My approach to working with AI is pretty simple: I don't assume it knows everything, and I don't try to make it do everything, especially not in a single magic prompt. I use it as a thinking partner. I go back and forth. I ask it questions and I challenge what it tells me. And only after we've worked through something together a few times do I consider turning it into something more structured, like a skill or a saved workflow.
When I was evaluating table type options for the real-time agent data model I built this year, the decision wasn't obvious. ClickHouse offers several storage engines, and the tradeoffs depend on your specific data patterns.
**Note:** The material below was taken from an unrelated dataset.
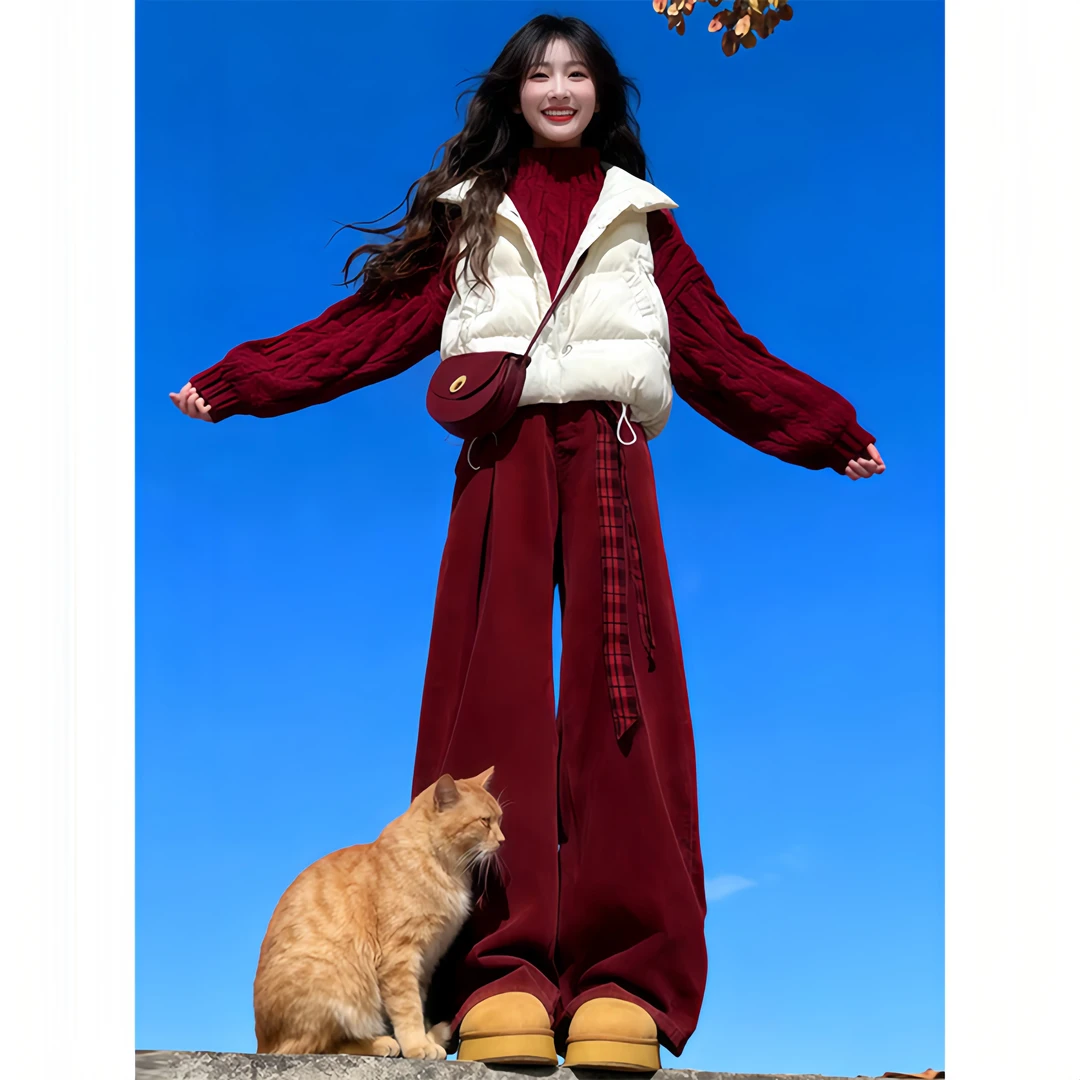 SHALLDOER【花辰夕月】新年战袍时尚套装女冬季棉服针织上衣阔腿裤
For data that is updated constantly: you could rebuild the table from scratch every hour, which is clean and predictable, or have incremental updates on an orchestrator schedule, but neither of these are real time. For real time you could use live insert updates like ClickHouse ReplacingMergeTree, which is cheaper when it works but depends on update frequency, table size, and query patterns.
I worked through these tradeoffs with Claude and with my manager. Not by asking "which one should I use?" but by exploring: what happens at our scale if update frequency spikes? What are the memory implications of this join pattern? The AI didn't make the decision, but it was fast, patient, and able to model scenarios I'd have spent days building manually.
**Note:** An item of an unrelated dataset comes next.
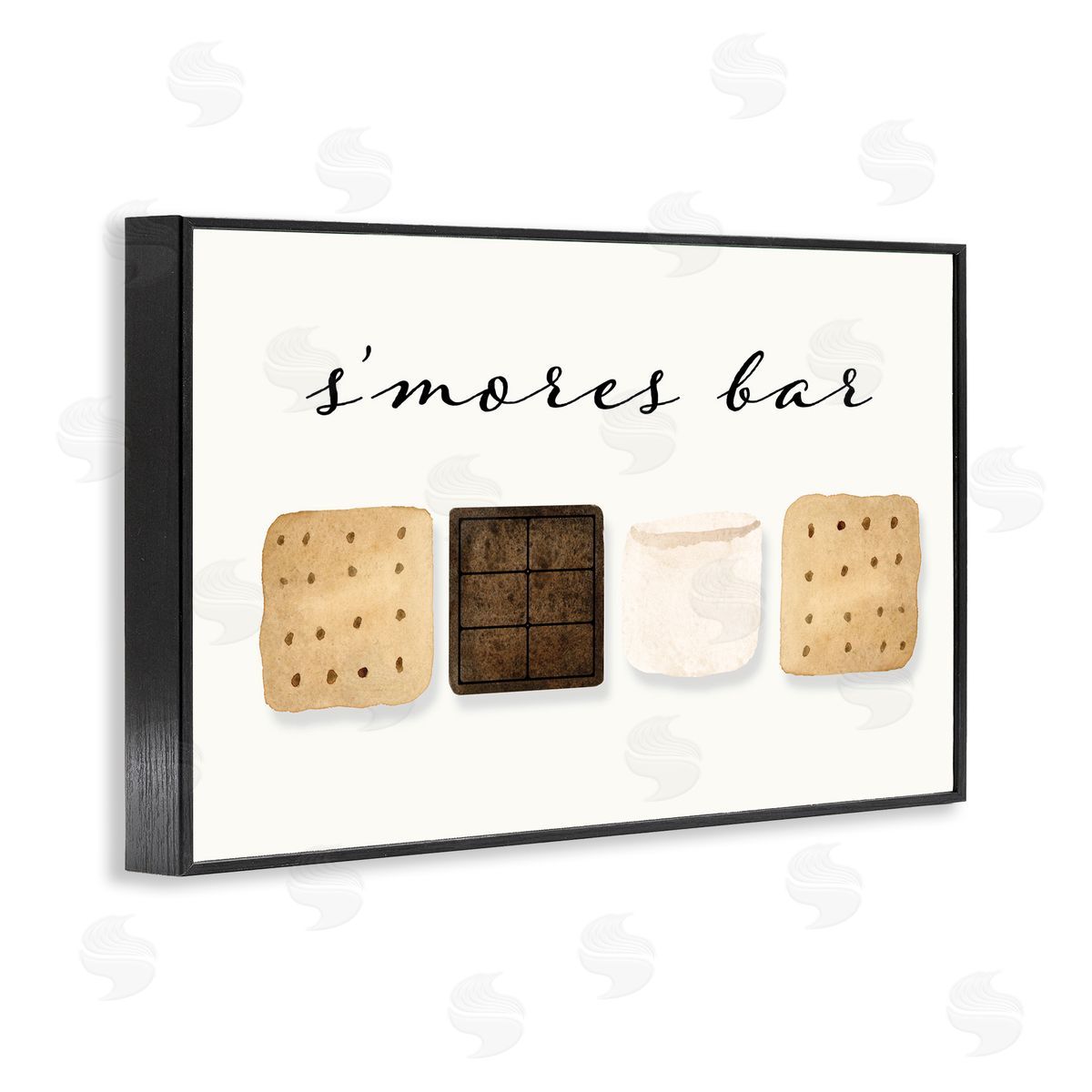 S'mores Bar Ingredients Black Frame Print Wall Art, Home Decor by Corrine Rose Design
One practice I've started doing regularly is spinning up a separate agent to write validation scripts. I'll have the main agent I'm working with on the data model, and then I'll create another one to independently query ClickHouse and compare its answers against the model's output. It's a second opinion that runs in minutes instead of hours. And because the validation agent is writing queries from scratch (not looking at my model), it catches assumptions I've baked in without realizing.
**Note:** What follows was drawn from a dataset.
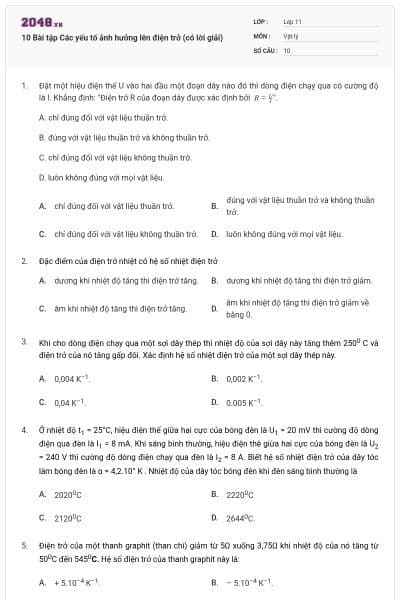 10 Bài tập Các yếu tố ảnh hưởng lên điện trở (có lời giải)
For the Looker-to-Omni migration, I used Cursor with a multi-root workspace to build AI-assisted conversion rules. At the time this was before Claude released the Skill feature; Cursor Rules were a pre-cursor that defined repeatable patterns and workflows. That was a different kind of AI use: not thinking, but acceleration. The systematic translation work of converting LookML to Omni YAML is exactly the kind of high-volume, pattern-based task where AI saves enormous amounts of time. The judgment calls still need a human, but the volume of rote conversion in a BI migration is enormous.
I helped edit Greg Storey's book Creative Intelligence, which describes five cognitive modes people move between when solving problems: exploring, generating, evaluating, strategizing, synthesizing. What I've noticed is that the way I work with AI maps to those modes pretty directly. Exploring ClickHouse tradeoffs is one kind of thinking. Spinning up a validation agent to challenge my assumptions is another. Accelerating a migration is another. The value isn't in any single mode. It's in switching between them fluidly, and AI makes those transitions faster.
Building agent skills has changed how I prompt AI in my own work. LLMs take language extremely literally. I learned that the hard way when "use this resource" produced a 50% failure rate and "you must load this resource" brought it to near zero. That's made me more specific about criteria when I ask Claude to evaluate something, and more explicit about which steps are non-negotiable.
I learn these things by interacting with AI and participating in the decision process, not by trying to use big magical prompts to have it do everything for me.